We’re all about getting our fill of summer’s bounty — fresh strawberries, peaches, watermelon and more. Local brewers are hitting up the garden too by producing over-fruited beers.
Made with an enormous amount of fruit puree — about two to five times as much fruit as what would typically go in a fruit beer — the trendy style results in bright, tangy flavors and a smooth, slightly viscous mouthfeel thanks to the presence of pectin and unfermentable sugars.
Due to tricky logistics (if brewed improperly the unfermented sugars can start a secondary fermentation process at room temperature, releasing carbon dioxide inside a sealed metal can) and the fun, experimental nature of fruit beers, this style of beer is often made and served in small batches.
Take Platform Beer Co.’s over-fruited Fitness Blog IPA. Its bitter blood orange and mango flavors work in concert with Citra, Amarillo and Mighican Chinook hops to make a particularly citrus- and pine-forward take on this new style.
“All fruits don’t have the same kind of flavor strength, and fruits have different acidities,” explains Danny Monnot, the brewery’s head brewer. “The best way to really understand it is to use it. There’s a never-ending design of [experimentation].”
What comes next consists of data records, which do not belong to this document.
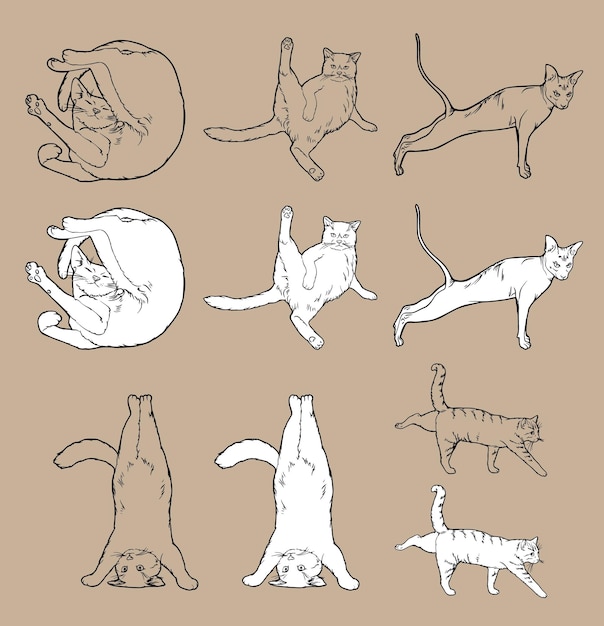 Cartoon Doodle Comic Outline Vector Seamless Pattern And Background Of Zen Meditating Cats In Yoga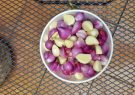 ۵ خاصیت طلایی موسیر برای مادران باردار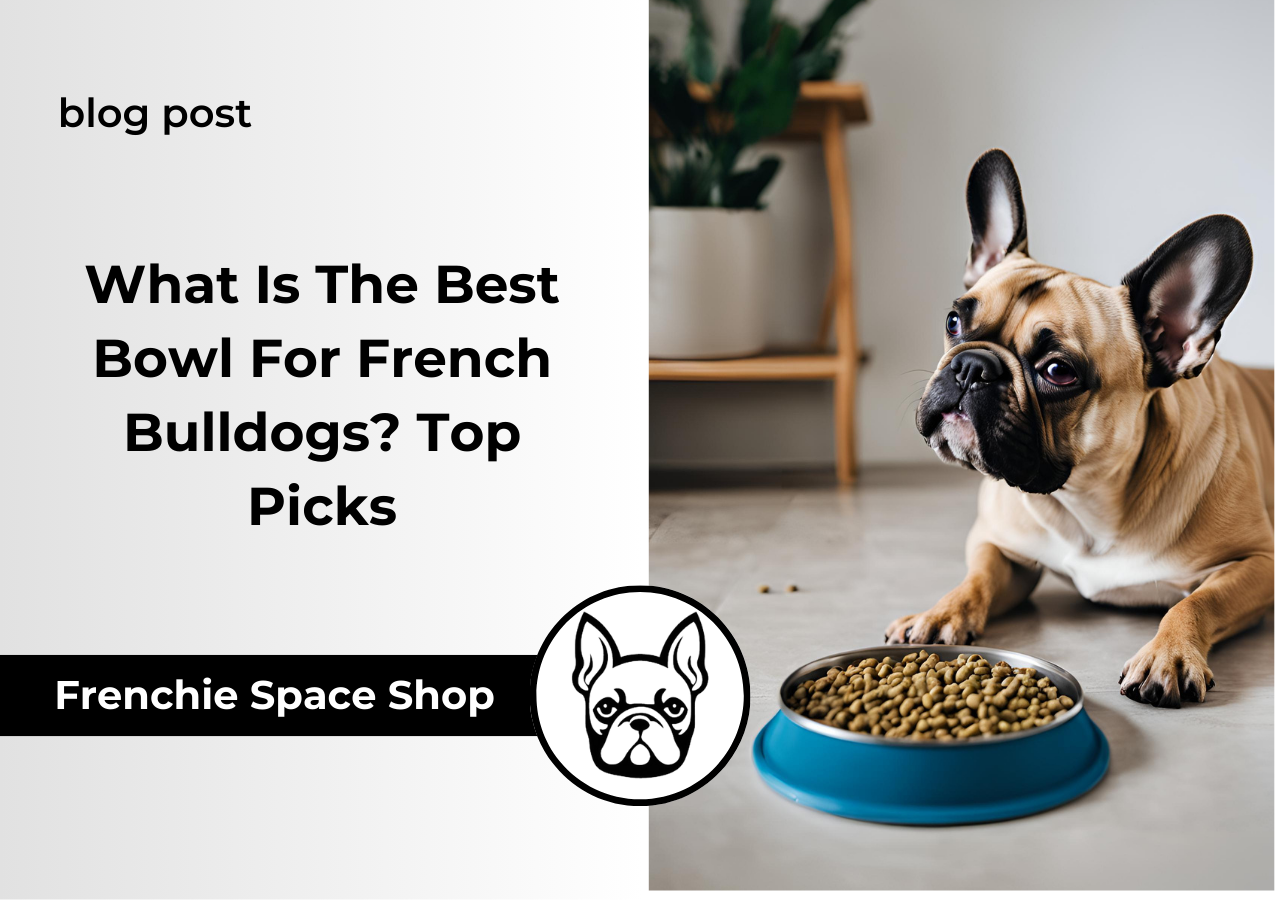 best bowl for french bulldogs frenchie space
At Noble Beast Brewing Co., head brewer Shaun Yasaki is on his second iteration of his Cheetah Chrome fruit beer series, currently made with mango, guava, tangerine and strawberry puree. With a modest 172 pounds of fruit across 300 gallons of beer — about 1.7 pounds per gallon — Yasaki doesn’t consider Cheetah Chrome an over-fruited beer, though its interplay between tropical fruit notes and a bitter spelt malt base shows off how versatile these beers can be.
“I prefer to not ferment out the sugar. I like to leave the fruit in there,” says Yasaki. “I like that fruit flavor a little bit better.”